John Bartow Prevost (March 6, 1766 – March 5, 1825) was an American attorney, judge, politician, businessman and diplomat. He became the first judge of the Superior Court of the Territory of Orleans from 1804 to 1808, and was U.S. political agent for  Peru from 1818 until his death.

Early life and family
Prevost was born on March 6, 1766, in Paramus, New Jersey.  His father Col. Jacques Marcus Prevost had emigrated from Geneva, Switzerland to Britain with his brother General Augustine Prevost, and rose in the British Army to command British forces in New Jersey and was briefly governor of Georgia during the American Revolutionary War before moving to the British West Indies to recover from his wounds and dying in Jamaica in 1779. His widow (and J.B. Prevost's mother), Theodosia Bartow, was a New Jersey native (only daughter of Theodore Bartow of Shrewsbury) and patriot during that war. In 1782, the widow married Aaron Burr. Burr (who would become Vice President of the United States under Thomas Jefferson) raised Theodosia's sons John and Frederick as his own.
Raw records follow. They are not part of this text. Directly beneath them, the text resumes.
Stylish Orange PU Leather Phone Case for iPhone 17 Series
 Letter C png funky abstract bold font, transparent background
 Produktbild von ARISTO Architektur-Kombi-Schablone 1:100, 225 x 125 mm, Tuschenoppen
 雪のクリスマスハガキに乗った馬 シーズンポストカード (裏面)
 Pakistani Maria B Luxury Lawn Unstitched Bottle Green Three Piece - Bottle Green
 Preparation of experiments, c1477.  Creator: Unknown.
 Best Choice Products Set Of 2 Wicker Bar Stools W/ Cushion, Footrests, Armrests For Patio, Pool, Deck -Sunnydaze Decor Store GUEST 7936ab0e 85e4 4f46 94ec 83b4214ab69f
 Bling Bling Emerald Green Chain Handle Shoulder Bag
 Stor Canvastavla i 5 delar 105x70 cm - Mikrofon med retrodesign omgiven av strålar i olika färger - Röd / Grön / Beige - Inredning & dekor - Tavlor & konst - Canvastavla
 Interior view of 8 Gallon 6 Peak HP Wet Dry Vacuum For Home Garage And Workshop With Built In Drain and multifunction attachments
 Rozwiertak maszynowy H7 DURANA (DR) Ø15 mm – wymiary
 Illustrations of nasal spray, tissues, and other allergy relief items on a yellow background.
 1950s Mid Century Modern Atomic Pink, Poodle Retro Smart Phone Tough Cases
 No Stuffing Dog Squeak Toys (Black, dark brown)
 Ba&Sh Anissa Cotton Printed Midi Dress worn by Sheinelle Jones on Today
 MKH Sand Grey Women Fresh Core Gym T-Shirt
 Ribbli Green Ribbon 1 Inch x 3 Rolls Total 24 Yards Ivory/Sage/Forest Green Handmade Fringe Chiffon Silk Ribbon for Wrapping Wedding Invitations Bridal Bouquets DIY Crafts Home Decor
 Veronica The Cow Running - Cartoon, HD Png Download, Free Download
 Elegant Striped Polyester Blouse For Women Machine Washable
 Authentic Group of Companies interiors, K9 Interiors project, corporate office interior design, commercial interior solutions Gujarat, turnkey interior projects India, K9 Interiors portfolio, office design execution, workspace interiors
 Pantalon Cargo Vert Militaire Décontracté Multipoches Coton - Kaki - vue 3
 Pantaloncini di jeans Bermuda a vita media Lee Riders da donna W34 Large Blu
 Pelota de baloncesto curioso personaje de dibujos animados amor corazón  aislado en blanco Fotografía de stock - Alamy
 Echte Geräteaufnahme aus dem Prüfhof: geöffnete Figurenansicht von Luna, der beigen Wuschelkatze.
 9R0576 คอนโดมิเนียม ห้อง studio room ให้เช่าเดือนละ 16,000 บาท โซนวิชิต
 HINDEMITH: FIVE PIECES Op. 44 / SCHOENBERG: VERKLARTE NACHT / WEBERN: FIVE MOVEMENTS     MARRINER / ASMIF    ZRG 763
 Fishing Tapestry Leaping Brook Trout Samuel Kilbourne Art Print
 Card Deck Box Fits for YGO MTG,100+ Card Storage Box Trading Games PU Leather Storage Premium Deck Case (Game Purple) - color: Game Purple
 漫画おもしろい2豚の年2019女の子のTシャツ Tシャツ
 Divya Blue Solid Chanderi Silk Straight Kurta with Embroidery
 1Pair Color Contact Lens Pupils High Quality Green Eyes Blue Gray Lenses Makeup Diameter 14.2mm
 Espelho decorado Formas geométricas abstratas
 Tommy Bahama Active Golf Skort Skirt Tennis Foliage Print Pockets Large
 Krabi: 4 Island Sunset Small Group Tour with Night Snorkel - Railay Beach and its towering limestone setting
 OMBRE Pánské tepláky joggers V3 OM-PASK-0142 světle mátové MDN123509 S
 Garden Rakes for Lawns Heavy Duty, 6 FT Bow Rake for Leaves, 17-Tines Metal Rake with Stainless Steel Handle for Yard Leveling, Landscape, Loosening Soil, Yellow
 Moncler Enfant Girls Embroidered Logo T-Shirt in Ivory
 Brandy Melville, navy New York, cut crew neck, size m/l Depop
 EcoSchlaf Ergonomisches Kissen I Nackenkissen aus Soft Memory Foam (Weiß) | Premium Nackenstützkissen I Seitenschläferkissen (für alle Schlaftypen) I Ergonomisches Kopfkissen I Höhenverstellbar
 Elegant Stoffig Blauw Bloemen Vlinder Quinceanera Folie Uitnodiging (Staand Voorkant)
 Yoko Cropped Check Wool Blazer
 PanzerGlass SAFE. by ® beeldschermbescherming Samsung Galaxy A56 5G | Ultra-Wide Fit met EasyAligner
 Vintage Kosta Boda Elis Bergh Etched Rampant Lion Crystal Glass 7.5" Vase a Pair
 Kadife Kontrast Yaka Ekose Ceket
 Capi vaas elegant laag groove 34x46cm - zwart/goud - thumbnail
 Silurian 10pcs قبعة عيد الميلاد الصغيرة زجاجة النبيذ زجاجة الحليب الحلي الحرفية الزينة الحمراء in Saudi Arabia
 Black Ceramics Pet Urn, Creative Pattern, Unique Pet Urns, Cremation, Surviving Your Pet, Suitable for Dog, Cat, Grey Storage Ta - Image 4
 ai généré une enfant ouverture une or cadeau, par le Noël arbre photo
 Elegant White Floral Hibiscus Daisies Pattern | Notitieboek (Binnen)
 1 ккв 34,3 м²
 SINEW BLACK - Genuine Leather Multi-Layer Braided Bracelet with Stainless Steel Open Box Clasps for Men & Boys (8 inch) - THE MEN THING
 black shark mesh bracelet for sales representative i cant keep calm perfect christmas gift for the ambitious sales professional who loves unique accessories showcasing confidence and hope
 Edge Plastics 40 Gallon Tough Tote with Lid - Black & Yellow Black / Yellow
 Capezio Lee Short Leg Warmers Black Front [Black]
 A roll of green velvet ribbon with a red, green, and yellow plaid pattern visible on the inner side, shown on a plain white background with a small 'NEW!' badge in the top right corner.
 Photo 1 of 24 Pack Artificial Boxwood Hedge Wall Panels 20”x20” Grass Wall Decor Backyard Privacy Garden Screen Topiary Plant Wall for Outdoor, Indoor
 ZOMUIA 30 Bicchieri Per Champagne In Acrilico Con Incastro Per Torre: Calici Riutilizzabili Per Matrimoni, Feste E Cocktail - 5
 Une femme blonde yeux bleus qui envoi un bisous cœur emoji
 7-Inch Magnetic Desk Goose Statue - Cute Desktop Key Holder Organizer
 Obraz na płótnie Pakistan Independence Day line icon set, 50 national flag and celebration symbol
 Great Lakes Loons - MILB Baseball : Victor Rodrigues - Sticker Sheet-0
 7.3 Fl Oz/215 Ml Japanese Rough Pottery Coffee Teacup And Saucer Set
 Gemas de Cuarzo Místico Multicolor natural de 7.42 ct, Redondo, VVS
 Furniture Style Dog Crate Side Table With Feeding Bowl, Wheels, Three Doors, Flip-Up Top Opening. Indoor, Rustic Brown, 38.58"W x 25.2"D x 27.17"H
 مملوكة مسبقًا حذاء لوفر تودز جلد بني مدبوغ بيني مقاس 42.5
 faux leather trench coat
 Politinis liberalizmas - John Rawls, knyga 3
John B. Prevost married Frances Anna Smith, daughter of Rev. Samuel Smith, of Princeton College on February 5, 1799. They had four children: Theodosia Ann Prevost (1801–1864), James Marcus Prevost (1803–1829), Stanhope Prevost (1804–1868) and Frances Prevost Breckinridge (1806–1870).

Public service
Prevost was Recorder of New York City from 1801 to 1804, when President Thomas Jefferson appointed him as one of the first three judges of the Superior Court of the Territory of Orleans. Arriving in New Orleans on October 29, 1804, Prevost opened the Superior Court with a charge to the grand jury on Monday, November 5, 1804. Prevost served alone on that bench from November 5, 1804, for about two years, due to the death and refusal to take office of his fellow judges. In 1808, Prevost resigned from the bench and was replaced by Joshua Lewis of Kentucky. Prevost remained in New Orleans and practiced law for several years.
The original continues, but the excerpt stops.